I take it that this TBitmap is pf24bit or pf32bit? Any bitdepth smaller than that cannot cause a significant problem, since you can simply
- setup a bit array, one bit for each possible color value
- clear the bit array
- scan through the bitmap
- for each pixel color value, set the appropriate bit in the bit array
- scan through the bit array, until you find an unset bit
- return the index of this unset bit as unused color value.
For example, in a pf16bit TBitmap, this would look like...
function Bitmap16UnusedIndex(const a: TBitmap): Integer;
var
BitArray: Pointer;
ma: PByte;
mb: Integer;
mc: Integer;
md: PWord;
na: Integer;
nb: Integer;
nba: PByte;
nbb: Integer;
oaa: PByte;
oab: Integer;
ob, oc: Integer;
begin
{$IFDEF DEBUG}
if a.PixelFormat <> pf16bit then
raise Exception.Create('Intented only for 16bit bitmaps');
{$ENDIF}
GetMem(BitArray, 8192);
ZeroMemory(BitArray, 8192);
{m is used to scan through the bitmap scanlines}
ma := a.Scanline[0];
mb := Integer(a.Scanline[1])-Integer(a.Scanline[0]);
for mc := 0 to a.Height-1 do
begin
md := PWord(ma);
for na := 0 to a.Width-1 do
begin
nb := md^;
Inc(md);
{splitting up the 16bit value into a bit array index consisting of byte pointer and bit mask}
nba := PByte(Cardinal(BitArray)+Cardinal(nb shr 3));
nbb := (128 shr (nb and 7));
{and making sure appropriate bit is set}
nba^ := (nba^ or nbb);
end;
Inc(ma, mb);
end;
{oa is used to scan through the bit array}
oaa := BitArray;
for oab := 0 to 8191 do
begin
if oaa^ <> 255 then
begin
ob := 0;
oc := 128;
while True do
begin
if (oaa^ and oc) = 0 then break;
Inc(ob);
oc := (oc shr 1);
end;
{making complete 16bit value}
Result := ((oab shl 3) or ob);
FreeMem(BitArray, 8192);
exit;
end;
Inc(oaa);
end;
FreeMem(BitArray, 8192);
Result := -1;
end;
This function returns either an unused 16bit color value, or -1 if all colors are used.
Note that it's still up to you to interpret the 16bit color value, whatever way you need to interpret it, the function simply returns it as it is stored in a pf16bit bitmap.
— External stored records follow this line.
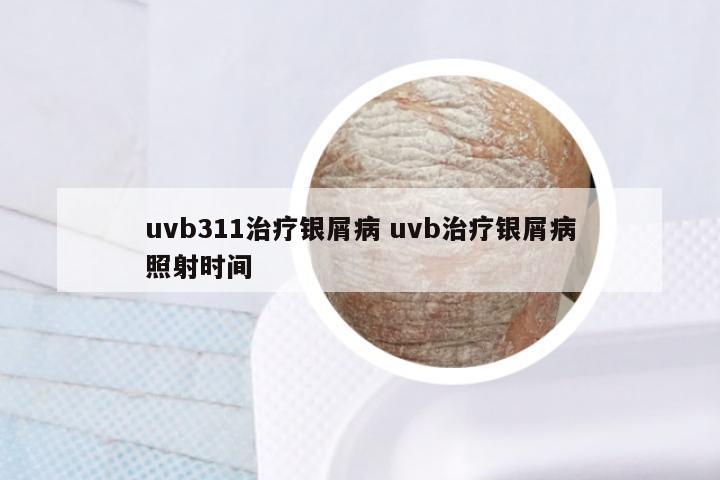 uvb311治疗银屑病 uvb治疗银屑病照射时间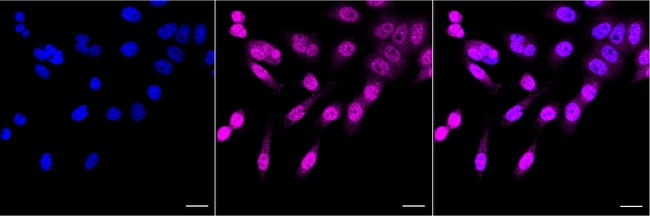 Coilin Antibody in Immunocytochemistry (ICC/IF)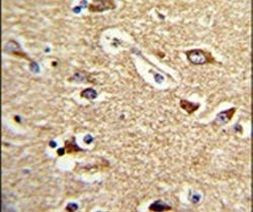 TOM70 Antibody in Immunohistochemistry (IHC)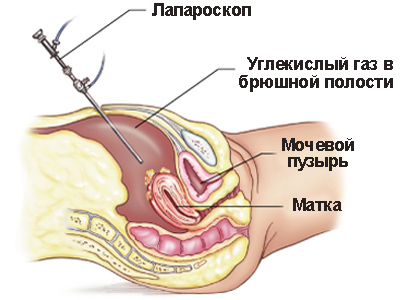 схема проведения операции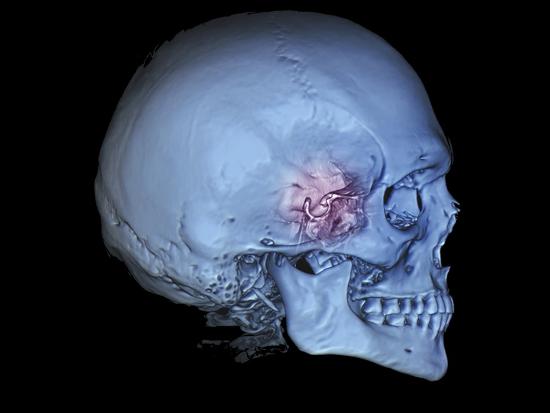 Photographic Print, , large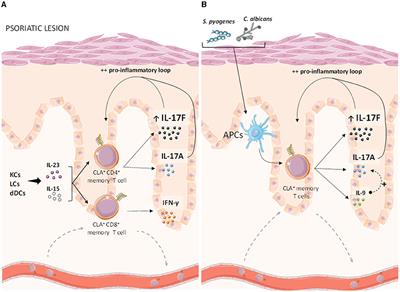 Human CLA+ Memory T Cell and Cytokines in Psoriasis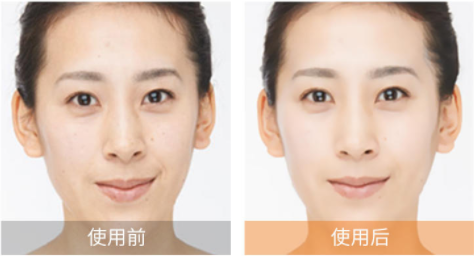 体重轻但脸胖怎么减脂 61bf2cbfcf6b45d19ee8f78e33feb6d4.png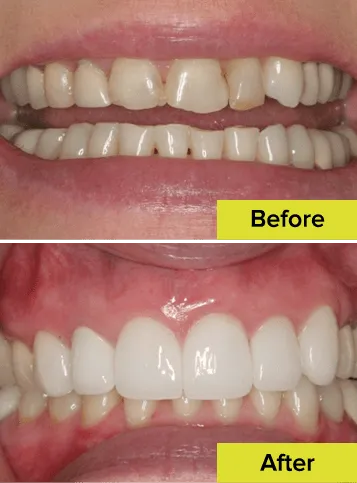teeth before and after rehabilitation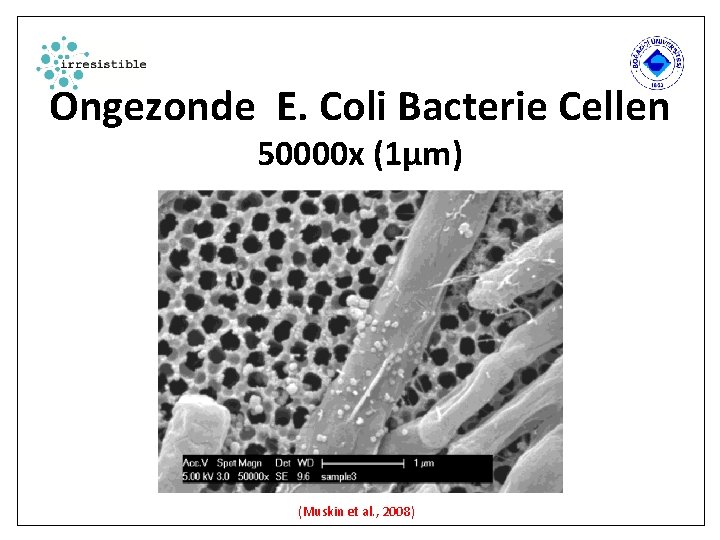 Ongezonde E. Coli Bacterie Cellen 50000 x (1µm) (Muskin et al. , 2008) 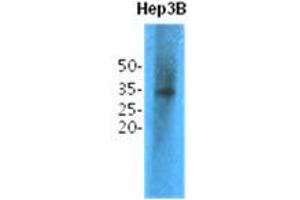 Western Blotting (WB) image for anti-Thiopurine S-Methyltransferase (TPMT) antibody (ABIN781549) (TPMT anticorps)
Also note that we don't abuse the stack by declaring an 8Kb bit array in the var section, but separately allocate this, since it is not good practice to use the stack for blocks of this magnitude. Note also that we don't use nonsense like TBitArray and such, since we do not want our users to grow a beard waiting for this function to complete...
The problem grows more complex when dealing with pf24bit or pf32bit TBitmap's. Using exactly the same algorithm design to get at an unused color would involve a bit array of 2^24 bits, being 2 meg. 8 kilobyte fits into every user's processor cache, nowadays, but 2 meg does not. Randomly accessing 2 meg for each pixel in a TBitmap is extremely bad practice, at best.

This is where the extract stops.